Damn, I got 6th. I had to play Marlinpie in the 3rd round...
The casuals were great through, did really good after I got comfortable.


----------



## Pringer Lagann (Mar 2, 2008)

I'm not going to be playing for a while. Since last time I checked, my shoulder is what connects my arm to my body and having it separated is kinda hinders me from enjoying the awesomeness of GG


----------



## Final Ultima (Mar 2, 2008)

I just got back from the RanBat I was attending. 1st place at long last.

After today, I think my new motto has got to be: "My quest in life is to see how many times I can get away with random Grand Vipers."


----------



## Aruarian (Mar 2, 2008)

And then regret the time when you get ganked by doing that. XD


----------



## Final Ultima (Mar 2, 2008)

True. XD

However, sometimes you just need to be bold enough to do something high-risk. Such a tactic compliments Sol well. If you manage to catch with a Grand Viper and then mash out the Clean Hit (unfortunately, I was far less consistent with that on the day than I was the night before, 100% success turned into about 33% success), you're looking at epic damage for zero tension.

It's not as if I did it whenever I felt the urge to anyway, it was mostly when I tried to predict an attack that Grand Viper successfully goes underneath.

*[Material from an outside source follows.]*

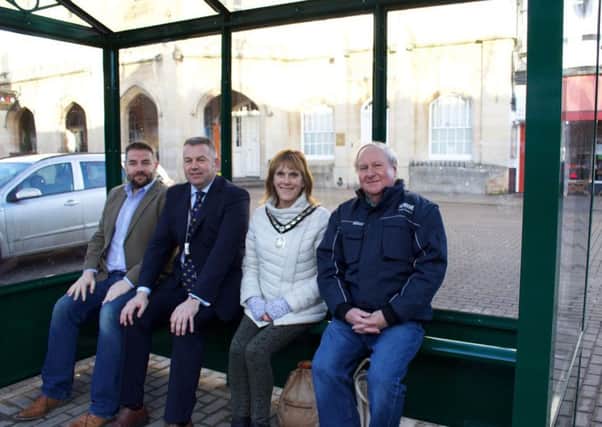 Trying out the new bus shelter in Sleaford Market Place. From left - Coun Richard Davies (LCC), Coun Richard Wright (NKDC Leader), Coun Jan Mathieson (Mayor of Sleaford) and Coun Anthony Brand (Deputy Mayor of Sleaford). EMN-180125-124428001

Some attempts were messier than others. XD

To be honest, I got away with murder in that RanBat.


----------



## Aruarian (Mar 2, 2008)

Any decent Slayer players? :3


----------



## Pringer Lagann (Mar 2, 2008)

I was trying to get a handle on him, but I'm out of action for at least two weeks


----------



## Biscuits (Mar 3, 2008)

Anthony J. Crowley said:


> Any decent Slayer players? :3


The guy he played in the finals was a Slayer...

I played about 4 different Slayers in my event, but none of them were very good.


----------



## Pringer Lagann (Mar 3, 2008)

Skeets said:


> The guy he played in the finals was a Slayer...
> 
> I played about 4 different Slayers in my event, but none of them were very good.



Last time I checked, he was difficult to master


----------



## Biscuits (Mar 3, 2008)

Every character is, but Slayer is one of the easiest characters to win with.


----------



## Pringer Lagann (Mar 3, 2008)

Skeets said:


> Every character is, but Slayer is one of the easiest characters to win with.



True, if you know what you're doing obviously.


----------



## shinjowy (Mar 3, 2008)

Congrats, Final Ultima!! I guess all that practice has finally paid off, yea? 
And winning using such highly risky moves must have made it all the sweeter. Actually, when versing Sol i try to watch out so much for his VV that I sometimes forget about Grand Viper, so I actually do get caught in that attacks at times. XD


----------



## Final Ultima (Mar 3, 2008)

I think I got away with Grand Viper purely because the other players weren't used to a low-profile move with that kind of range. It even goes under stuff like Faust's poison bottle.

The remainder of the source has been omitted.